The US Department of Homeland Security's Bureau of Immigration and Customs Enforcement has announced the arrest of Johann Leprich, an accused World War II Nazi concentration camp guard. Leprich was arrested in Clinton Township, Michigan. Leprich is the latest in a long string of cases of Nazis stripped of their citizenship and deported. Since 1979, 71 Nazi persecutors have been stripped of U.S. citizenship and 57 have been removed from the United States.
Leprich immigrated to the US in 1952 and naturalized in 1958. Efforts to deport Leprich began in the 1980s. In 1987, a US District Court revoked his citizenship finding that he had worked as a SS Death's Head guard at Mauthausen Concentration Camp in Austria from 1943 to 1944. The court found that Mauthausen inmates were used as slave laborers in a quarry at the camp and many inmates were starved, tortured, beaten and murdered by methods such as gassing, hanging, eloctrocution, burning, starving and shooting.
Leprich's lawyers claimed he left the US after the decision. In 1997, reports surfaced that Leprich had been living in Canada. BICE authorities later established that Leprich had turned up again in Michigan.
Leprich is being deported on grounds of participating in Nazi atrocities as well as for not reporting his address to the Bureau of Citizenship and Immigration Services.

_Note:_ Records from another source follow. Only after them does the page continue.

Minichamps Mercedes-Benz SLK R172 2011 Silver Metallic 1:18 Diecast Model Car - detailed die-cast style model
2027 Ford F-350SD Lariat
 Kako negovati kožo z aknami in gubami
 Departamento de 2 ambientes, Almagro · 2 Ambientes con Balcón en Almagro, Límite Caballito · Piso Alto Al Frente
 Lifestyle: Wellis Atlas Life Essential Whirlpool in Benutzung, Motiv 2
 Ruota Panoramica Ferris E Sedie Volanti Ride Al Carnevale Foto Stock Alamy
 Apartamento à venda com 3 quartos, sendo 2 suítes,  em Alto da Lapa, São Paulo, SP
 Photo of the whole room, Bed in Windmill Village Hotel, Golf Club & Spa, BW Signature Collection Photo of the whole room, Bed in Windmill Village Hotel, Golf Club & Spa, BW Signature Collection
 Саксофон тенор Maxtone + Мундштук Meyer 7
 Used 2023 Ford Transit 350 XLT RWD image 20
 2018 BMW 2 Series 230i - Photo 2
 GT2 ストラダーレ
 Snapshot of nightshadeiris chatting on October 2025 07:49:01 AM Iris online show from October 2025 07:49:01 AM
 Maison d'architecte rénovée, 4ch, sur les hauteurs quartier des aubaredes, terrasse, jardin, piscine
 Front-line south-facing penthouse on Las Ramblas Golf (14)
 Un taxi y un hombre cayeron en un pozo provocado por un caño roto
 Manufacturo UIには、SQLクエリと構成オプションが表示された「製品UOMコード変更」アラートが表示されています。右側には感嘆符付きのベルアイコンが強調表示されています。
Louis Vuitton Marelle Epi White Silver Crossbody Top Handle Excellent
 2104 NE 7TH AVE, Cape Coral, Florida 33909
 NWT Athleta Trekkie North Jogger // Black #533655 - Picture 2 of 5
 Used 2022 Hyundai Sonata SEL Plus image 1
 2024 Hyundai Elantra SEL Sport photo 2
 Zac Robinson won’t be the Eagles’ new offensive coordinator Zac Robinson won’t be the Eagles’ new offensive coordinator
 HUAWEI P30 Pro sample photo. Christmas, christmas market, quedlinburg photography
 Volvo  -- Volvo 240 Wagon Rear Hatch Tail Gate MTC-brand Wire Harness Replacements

“People who took part in these horrific crimes against humanity should know that we will never stop looking for them. There is no statute of limitations on evil,” stated BICE's Acting Assistant Secretary Michael J. Garcia, “our agents remain committed to ridding our communities of criminals who have no right to remain in this country.”
“This arrest makes clear that those who participated in the atrocities of the Holocaust will not escape the determined reach of U.S. law enforcement, regardless of how much time has passed,” said Attorney General Ashcroft. “Nazi collaborators will not find a safe haven in the United States.”